So it is with the particulars of Creation.  Heaven is the separation of the waters; the dry land is the sequestering of the waters; the plants are generated from the earth; the lights of heaven are installed in their contexts and their timing; the swimming, the flying, and the creeping are described in the contexts of their habitations—even the creation of man “in the image of God” is contextual.  So also is Creation figured in John: “And the light shineth in darkness; and the darkness comprehended it not.”

Our existence is a matter of particulars in their contexts.  Things described in themselves are ultimately phantasms.  That is why understanding—to us—is a matter of contrasts, if not conflicts.  Worship of God is rendered unintelligible if this truth is forgotten.  On the one hand, we want to recognize God as beyond measure, yet we cannot really conceive of a God beyond measure, so we are flirting with a lie on our part.  Or we can call God huge—belittling him with the conceit that his size is bounded in reality as it is in our conceptions—and we are flirting with impiety.  Only a God of mercy could ratify our feeble efforts to bridge the inevitable gaps in our understandings.

No better example of this mercy—leavened with an undeniable element of challenge—might be found than in the introduction to John—and I understand that “introduction” to consist of everything up to the moment he meets the Samaritan woman in Chapter Four.  Just before that point, we are confronted by statements, one from Jesus and one from the Baptist, that can be seen to crash into each other—a distressing thought, unless we remember that such conflict is the way of truth, while apparently seamless ideologies are typically falsehoods.

Jesus says, “For every one that doeth evil hateth the light, neither cometh to the light, lest his deeds should be reproved.  But he that doeth truth cometh to the light, that his deeds may be made manifest, that they are wrought in God.”  In that very same Chapter Three, John the Baptist says, “The Father loveth the Son, and hath giveth all things unto his hand.  He that believeth on the Son hath everlasting life: and he that believeth not the Son shall not see life; but the wrath of God abideth on him.”
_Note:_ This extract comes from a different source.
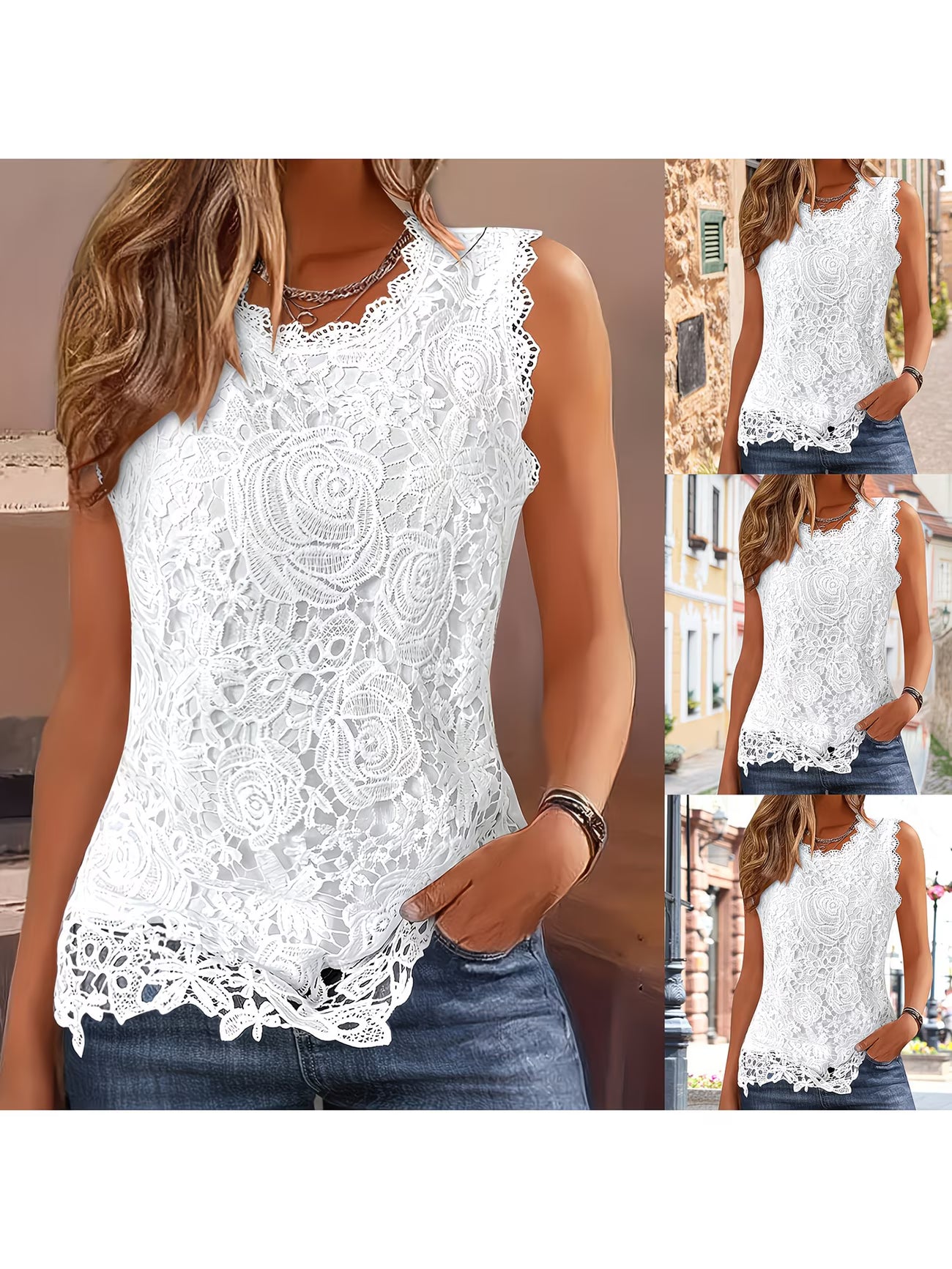 Floral Lace Sleeveless Vest Top — White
To conventional Christianity, those two passages (residing, as I said, in uncomfortable proximity to each other) represent a puzzle to be solved.  Usually “doeth evil” is understood to mean “rejects the gospel and is deprived consequently of the ministrations of God’s grace and so descends farther and farther into depravity” or some such, while “believeth on the Son” is taken to be the controlling element, and the key to salvation.

We can choose to accept such reconciliations, if we desire, but the danger of such contrived reconciliation does not reside simply in the fact that it involves subordinating one passage to another in what can become a ceaseless, ever-tightening maelstrom of human pronouncements.  Additionally, such reconciliation—evincing the desire to eliminate the conflicts in our perceptions (which are really unsurprising contrasts springing from our limitations)—leads as well to our ignoring plain examples of conflicts presented to us manifestly with purpose in the gospels.  It is not, presumably, for nothing that the gospels present “the Law” as authoritative and normative, and then proceed to have Jesus tell us that Moses permitted divorce out of indulgence for his stiff-necked congregation.  Reconciliation of the texts in such cases is simple falsehood.
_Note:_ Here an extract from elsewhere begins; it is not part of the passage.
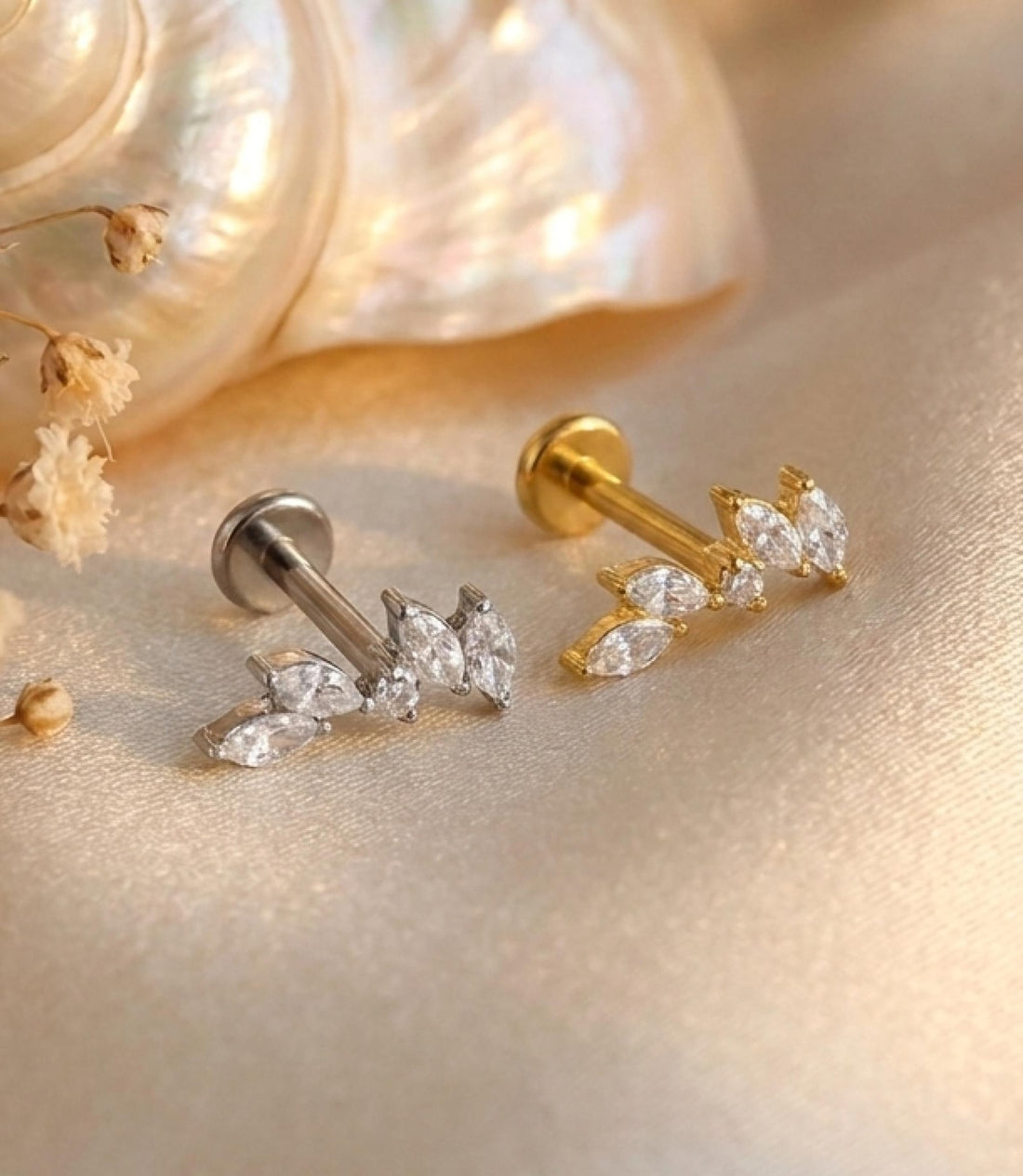 Marquise Titanium Flat Back Stud — product view 1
And then there is Jesus telling us that murder as a real and eternally punishable offense extends far beyond the bounds of anything contemplated in the Law (Matthew 5).  The contexts of human life, the conflicts of human interaction, the contrasts in human behaviors and outlooks—all these militate toward our understanding that we can “kill” each other by many means other than physical death, and all these have existed to bedevil every generation.  Only people who accepted being “hung out to dry” by the Old Testament teachings would have been primed to accept Jesus’ heightened expectations (and the history of Judaism shows many examples of people led to sublime enlightenment about moral issues precisely by being courageous enough to live forthrightly with unreconciled conflicts of understanding.)

Conflicts are truth.  Contrasts are truth.  Such things truly exist, and if we are honest with ourselves, we will admit that conflicts and contrasts are interspersed with all of our perceptions.  To align ourselves otherwise is to flirt with idolatry.  This is something to keep in mind when the contention is floated that “Bible-based” Christianity (or, more particularly, “Bible-alone” Christianity) amounts to bibliolatry.  It is not so much “Bible worship” that is a matter of concern (and in any event few people will admit to being so aligned.)  What is really of concern with all of the “this-or-that-alone’s” is the fact that nothing is ever alone.

“Bible-alone” (that is, the contention that the Bible does its own interpretation, absent any divinely-intended participation of the organic workings-out of issues in the minds of readers) is a danger not simply in that it constitutes worship of the Bible.  That is really beside the point, and will scarcely be admitted to.  This-or-that-alone, however, stands apart from the teachings of Jesus not only because any such idea of isolation conflicts with the context-rich presentations of the gospels, but also because any such idea is an idol in itself.